The power of the white border is felt throughout the anthology, even if it is mostly gestured at or kept on the margins. The comics address and poke fun at the different levels of racial violence, from the degradations of a racist workplace to the real riots and lynchings that were used to terrorize Black people. The artists themselves were mostly blocked from mainstream publications, and even when they were allowed into those spaces, it was to do the remedial work of explaining who Black people are to a white audience, as if Black people were as alien as the green people.

What the white border does is dominate. This domination is the critical element that the Mystic Commandos comic misses with its happy ending in which the green people suddenly become accepting of their white counterparts. Or maybe such an obvious and cruel reality can’t be openly stated, as it denies the very possibility of a happy ending. The border is the domination of a system of rank inequality, something that is not a question of feelings or reason. It not only frames the lives of those made marginal; it also invades their art and imagination, as they’re forced to constantly grapple with the struggle within it and mock its absurdity—because it is ridiculous, and laughing at the ridiculous is a way to get through to the next day.

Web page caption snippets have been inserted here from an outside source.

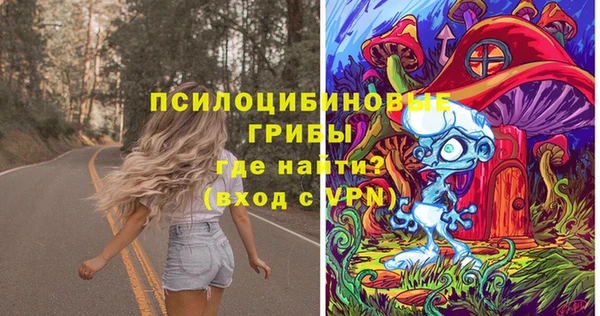 сатива Алзамай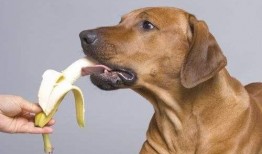 树瓜狗狗可以吃吗视频,狗狗能否享用树瓜美味？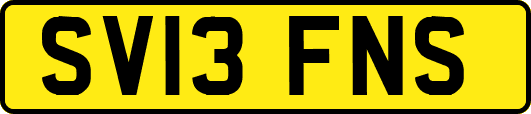 SV13FNS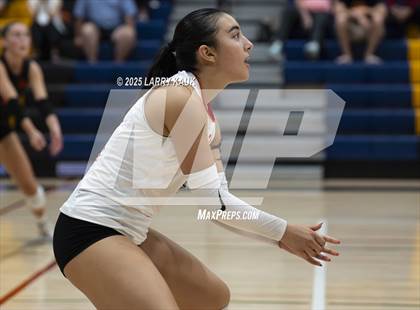 Thumbnail 1 in Los Gatos @ Milpitas photogallery.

Yet the existence of this anthology—regardless of the violence that surrounds so much of the work, and, in a way, because of that violence—is a gift. It is part of the history of Black creativity and struggle through art. It is a testament to the talent of Black artists and a statement that they have been working in creative ways to tell their stories and fight against the demeaning depictions of Black people in mainstream culture. This collection of almost-forgotten and sometimes short-lived comics is a powerful work, one that showcases resistance to domination and stands as a celebration of the ability of Black people, then and now, to find humor in that white border and, as a consequence, to gesture to its possible end.